→ **Working data**
:::

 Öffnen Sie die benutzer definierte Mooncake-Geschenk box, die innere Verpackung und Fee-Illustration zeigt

:::

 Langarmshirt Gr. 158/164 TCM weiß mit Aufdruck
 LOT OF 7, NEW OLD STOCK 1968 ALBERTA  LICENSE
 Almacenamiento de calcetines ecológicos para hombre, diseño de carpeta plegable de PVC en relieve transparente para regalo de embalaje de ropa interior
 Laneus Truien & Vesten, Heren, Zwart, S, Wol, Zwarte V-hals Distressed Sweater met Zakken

:::

→ **Directions**
In the listing above, find the line with "Langarmshirt Gr. 158/164" and the line with "Almacenamiento de calcetines". Output those two lines and every line between them, exactly as written.

→ **Output for this exercise**
 Langarmshirt Gr. 158/164 TCM weiß mit Aufdruck
 LOT OF 7, NEW OLD STOCK 1968 ALBERTA  LICENSE
 Almacenamiento de calcetines ecológicos para hombre, diseño de carpeta plegable de PVC en relieve transparente para regalo de embalaje de ropa interior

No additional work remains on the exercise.